New City America is a national US firm dedicated to facilitating urban business community assessment districts (most commonly BIDs). In their words, a BID creates “a reliable, predictable revenue flow [which] exists to fund the special benefit services and specific needs of the business community” ( New city America , 2005). This revenue flow can be expanded, however, to benefit not only be business community, but the entire community that supports and gives rise to the business district.

Improving a local business district or neighborhood downtown can be a positive catalyst and rallying point for the whole community. University City District (UCD) in West Philadelphia began with a BID-like process except for one difference: very few business owners were present. The 2.2 square miles UCD is referred to as a “special services district” rather than a BID. Half of the UCD's mission is to “promote, plan, and advocate for University City 's diverse, urban community.”

Today, UCD's annual budget is $5.7 million. It should be noted, however, that the UCD is funded by voluntary contributions, rather than local property tax assessments. Lewis Wendell is the newest Executive Director of the UCD, appointed in March 2005.

Additional reading can be found here.

San Francisco, California, began with the BID idea but instead created the Community Benefit Districts (CBD) Ordinance in a unanimous decision by the San Francisco Board of Supervisors that was signed into law by Mayor Gavin Newsome in March 2004. Since then, five new CBDs have been formed across the city, and four more are being considered. The ordinance maintains an emphasis on business improvement and property owners, but specific attention is paid to the well-being of non-business interests. As an example, 20% of the seats on the non-profit CBD governing board must be reserved for non-property owners, such as business tenants and community members. Mayor Newsome described CBDs as “a proven, grassroots economic development tool for neighborhood revitalization and beautification." Communities work with the Mayor's Office of Economic and Workforce Development to establish CBDs through a multi-step process. Assessed revenues can be used to fund a variety of business and community development activities such as marketing and promotion, safety programs, graffiti removal, business attraction and retention, and community events.

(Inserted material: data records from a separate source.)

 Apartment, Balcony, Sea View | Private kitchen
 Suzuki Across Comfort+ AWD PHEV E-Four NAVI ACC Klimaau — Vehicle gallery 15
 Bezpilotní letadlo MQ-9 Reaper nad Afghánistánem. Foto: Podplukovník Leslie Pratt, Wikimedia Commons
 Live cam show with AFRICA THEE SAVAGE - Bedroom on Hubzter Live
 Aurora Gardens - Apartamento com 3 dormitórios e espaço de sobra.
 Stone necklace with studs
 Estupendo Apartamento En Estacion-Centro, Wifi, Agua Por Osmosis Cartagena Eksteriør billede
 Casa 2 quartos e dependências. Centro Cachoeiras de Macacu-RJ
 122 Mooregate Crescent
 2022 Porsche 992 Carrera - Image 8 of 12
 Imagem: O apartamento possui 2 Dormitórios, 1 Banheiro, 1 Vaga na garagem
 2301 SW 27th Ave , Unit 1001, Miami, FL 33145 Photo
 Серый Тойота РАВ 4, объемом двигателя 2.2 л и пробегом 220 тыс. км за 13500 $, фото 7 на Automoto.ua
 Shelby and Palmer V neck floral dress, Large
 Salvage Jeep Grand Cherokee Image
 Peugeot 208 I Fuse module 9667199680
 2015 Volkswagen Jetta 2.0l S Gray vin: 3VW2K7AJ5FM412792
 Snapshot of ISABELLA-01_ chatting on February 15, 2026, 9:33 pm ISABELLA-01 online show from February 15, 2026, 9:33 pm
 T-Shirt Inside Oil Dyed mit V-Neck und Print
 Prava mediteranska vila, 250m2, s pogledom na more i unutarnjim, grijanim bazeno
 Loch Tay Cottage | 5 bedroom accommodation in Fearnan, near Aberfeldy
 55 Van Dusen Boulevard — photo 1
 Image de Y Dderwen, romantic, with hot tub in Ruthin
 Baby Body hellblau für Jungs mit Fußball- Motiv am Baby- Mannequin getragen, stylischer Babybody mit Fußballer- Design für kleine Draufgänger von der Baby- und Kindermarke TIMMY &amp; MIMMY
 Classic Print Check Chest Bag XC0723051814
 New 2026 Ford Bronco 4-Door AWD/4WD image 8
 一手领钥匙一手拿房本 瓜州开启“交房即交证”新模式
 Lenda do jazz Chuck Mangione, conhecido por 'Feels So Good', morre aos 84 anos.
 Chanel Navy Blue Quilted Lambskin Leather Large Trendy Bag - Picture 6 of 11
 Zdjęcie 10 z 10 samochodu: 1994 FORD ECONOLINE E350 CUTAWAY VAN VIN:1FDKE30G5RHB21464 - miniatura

Please click here for further reading on San Francisco's Nob Hill CBD.

Lawrence Houstoun (1998), a national expert on BIDs, anticipates that BIDs in the future will be smaller, with increasing focus on “partnerships with residents, more concern for public open space, and more programs that serve residential properties where property values are high. These efforts might better be called ‘civic improvement districts'” (p. 15). The potential for this tool to be used both for economic revitalization in depressed urban centers, and well as for marketing and “beautification” efforts in relatively more affluent areas, is clear.